Schon vor den prägnanten Kursrückgängen bei Nickel und Molybdän war am Rostfrei-Markt von einer Abkühlung der Geschäftsaktivitäten berichtet worden. Nach einem starken Juli sei die Geschäftstätigkeit nach der Sommerpause in vielen Fällen hinter den Erwartungen zurück geblieben. Handelsseitig wurde der Prozess der Lageraufstockung nicht weiter fortgesetzt. Die reale Nachfrage, die im ersten Halbjahr deutlich zugelegt hatte, hat sich konjunktur- und stimmungsbedingt deutlich abgeschwächt.

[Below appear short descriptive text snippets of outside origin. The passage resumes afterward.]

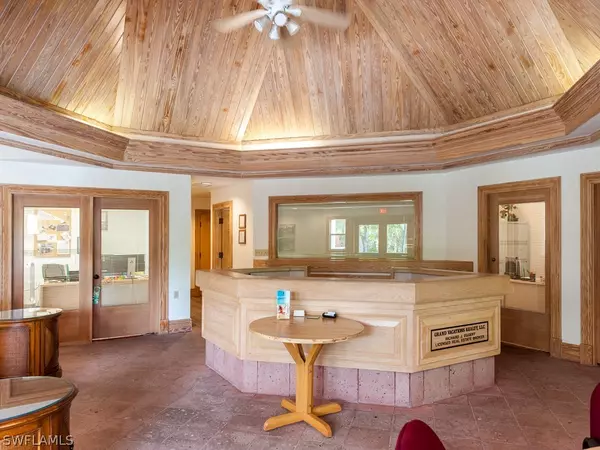 Sanibel, FL 33957,1509 Periwinkle WAY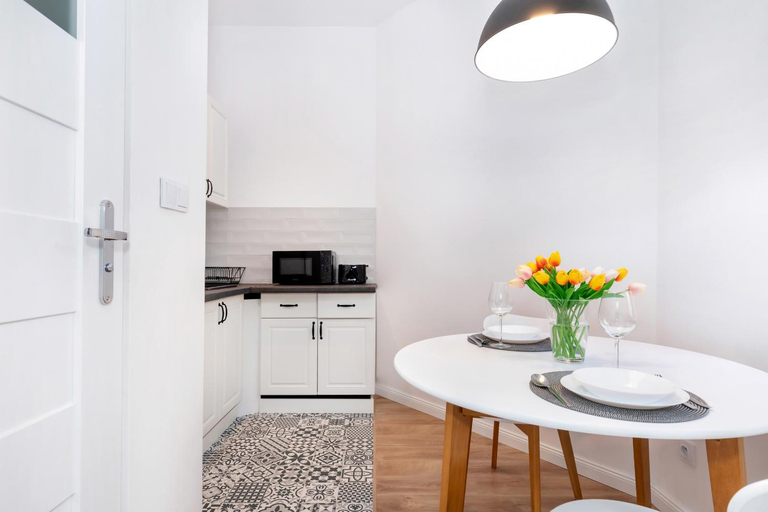 Kitchen 3, Apartments Pod Herkulesami by Noclegi Renters, Poznań City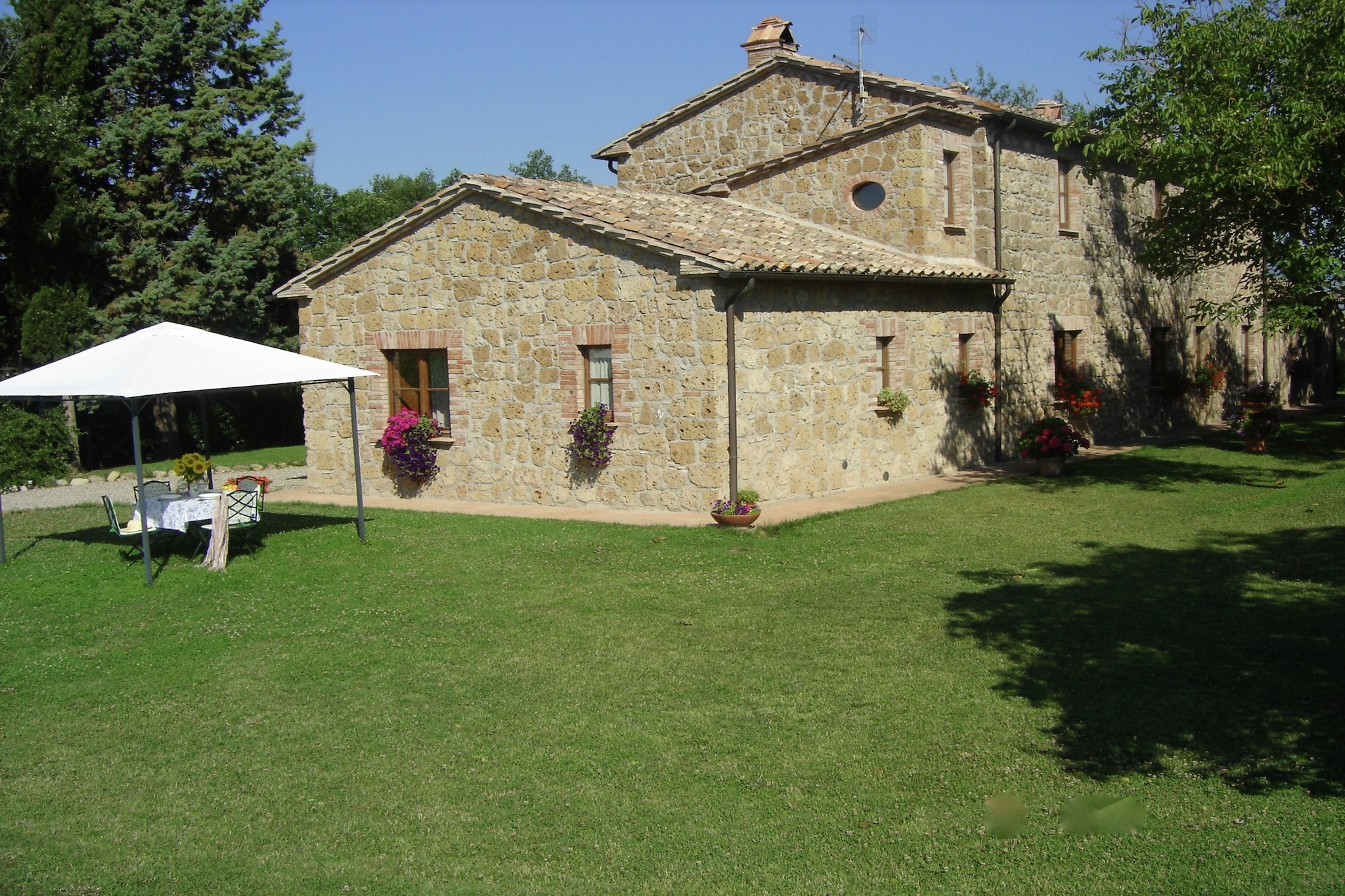 Exterior Summer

Die angekündigte Erhöhung der Basispreise war im dritten Quartal zwar spürbar, mündete aber nicht in einen eindeutigen Aufwärtstrend. Bei Flachprodukten in austenitischen Standard-Güten wurde über einen leichten Anstieg der Ab-Werk-Preise berichtet. Allerdings wurde aus dem Handelsbereich gemeldet, dass die Basispreise in den vergangenen Wochen unter Druck geraten sind.
Dies wird auch mit den erhöhten Lagerbeständen der Service-Center und der gestiegenen Unsicherheit bezüglich der weiteren Konjunkturentwicklung begründet. Zudem schränken die anhaltend hohen Importmengen aus Asien den Preiserhöhungsspielraum der EU-Hersteller ein. Das von der EU eröffnete Antidumpingverfahren gegen die Einfuhren von kaltgewalzten Rostfreierzeugnissen aus China und Taiwan hat die Importsituation bisher nicht stärker beeinflusst. Dies könnte sich mit einer im Jahr 2015 möglichen Verhängung von Einfuhrzöllen allerdings ändern.
Zusammen dürften diese Faktoren in den kommenden Wochen zu einer zurückhaltenden Bestelltätigkeit und zu eher sinkenden Preisen führen. Allerdings ist es durchaus möglich, dass gerade am Nickelmarkt der aktuelle Kursrückgang überzeichnet ist. Viele Analysten halten für das kommende Jahr nach wie vor steigende Notierungen für wahrscheinlich. Der Markt muss auch deshalb weiter genau beobachtet werden, da durch die Verhängung von (vorläufigen) Antidumpingzöllen die Karten am EU-Markt neu gemischt werden würden.